The frequency f2 is calculated by the up-converter 46.
Is converted into the high-frequency signal of the original frequency f1, so that the demodulator 32 and the monitor 34 can be the same as the demodulator 42 and the monitor 44, respectively.

In the above-described embodiment, after the high-frequency signal is transmitted to the coaxial cable 50 by raising the frequency to the frequency f2 by the up-converter 46, the frequency is reduced to the frequency f1 by the down-converter 36. It is also possible to increase the frequency after transmitting the coaxial cable 50 at a frequency that does not affect the frequency of the signal.

[0031]

As described above in detail, according to the present invention, one coaxial cable laid on a train transmits signals bidirectionally at different frequencies that do not affect each other.
It is possible to receive signals from the ground and provide information in both the up and down directions of the train without providing a plurality of routes on the train.

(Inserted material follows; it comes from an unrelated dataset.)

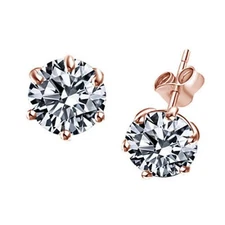 1 Ct Round Cut Cubic Zirconia 14K Rose Gold Plated Brass Solitaire Stud Earrings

[Brief description of the drawings]

FIG. 1 is a block diagram showing a configuration of an optical free space transmission apparatus according to an embodiment of the present invention.

[Explanation of symbols]

 10, 12 ... Light transmitter 30, 40 ... Light receiver 32, 42 ... Demodulator 34, 44 ... Monitor 36 ... Down converter 46 ... Up converter 50 ... Coaxial cable

──────────────────────────────────────────────────の Continued on the front page (51) Int.Cl. ⁶ identification symbol FI H04B 10/22 (58) Fields investigated (Int.Cl. ⁶ , DB name) H04B 1/76-3/44 H04B 3/50 -3/60 H04B 7/005-7/015 H04B 9/00

Claims (1)

(57) [Claims] 1. A spatial transmission device that receives a signal from a ground device behind a traveling direction of a moving train and transmits the signal to a front side of the train to provide information. One coaxial cable for transmitting a signal, a first transmission means for transmitting a signal received in the rear of one traveling direction through the coaxial cable at a frequency f1, and a rear of the other traveling direction. 2. A spatial transmission apparatus, comprising: a second transmission unit that converts a signal received in step (2) into a signal having a frequency f2 that does not affect the frequency f1 and transmits the signal via the coaxial cable.